CALLER: It’s hilarious.
RUSH: Oh, I’m glad you like it. I’ll tell you when it might have been, and I could be wrong about this. Do you remember when this whole phony soldier lie started? There was a genuine phony soldier who was lying about all kinds of things. This is part of what the Democrats did, by the way, in creating this never-ending five years of hatred for the troops. There was a phony soldier out there who was making things up about the abuse that he had seen, except at the time he was thought to have been a real soldier. And the left immediately believed everything he said and glommed on to it, and I questioned this guy, and I called him a phony.
So Dingy Harry went to the floor of the Senate to trash me as someone who routinely bashes the military. Meanwhile, I am among the biggest supporters of the military for 25 years. And Dingy Harry, on the floor of the Senate, demanded that my syndication partner Clear Channel, happened to be Mark Mays at the time, either fire me or censor me or rebuke me or whatever. He sent Mark Mays a letter demanding this after criticizing me on the floor of the Senate.
I asked Mark Mays if I could have that letter to auction it off on eBay to raise money for the Marine Corps-Law Enforcement Foundation, which has been a charity I’ve supported since it was started in the early nineties. This was a very gutsy move for Mark Mays. He gave me the letter and we auctioned it off.

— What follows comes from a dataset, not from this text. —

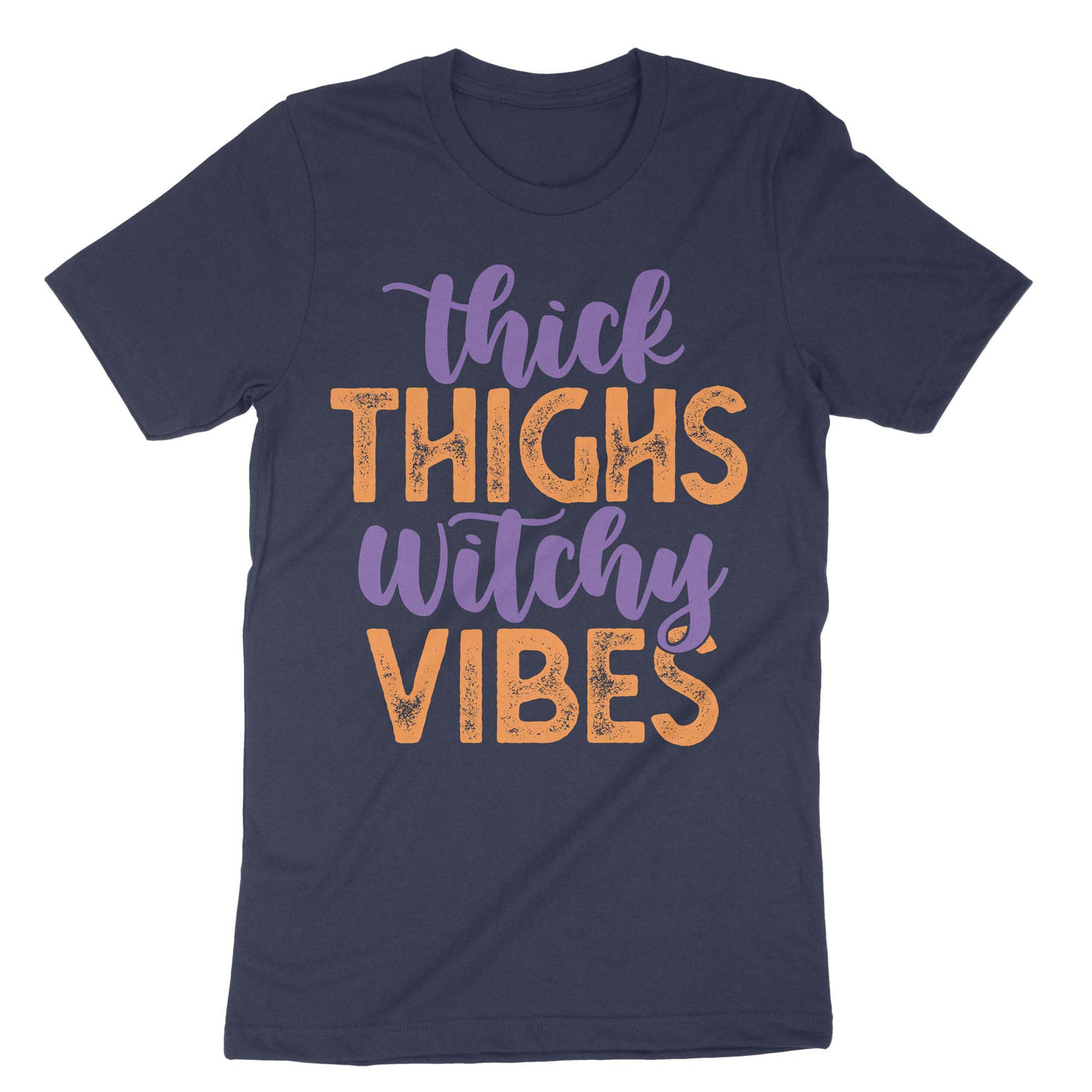 Navy Thick Thighs Witchy Vibes T-Shirt#color_navy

It raised, well, close to $3 million, two and a half or $3 million? And I matched it. I matched whatever was bid.
Here was a United States Senate majority leader reaching out to a CEO demanding that he reprimand, fire, whatever, a private citizen employee. It was a classic illustration of government overreach, and for that reason it was historic. That may have been when I concocted the name Dingy Harry. But it might have been something else. But, anyway, that’s the reason for it. Tried to get as close as I could to Dirty Harry.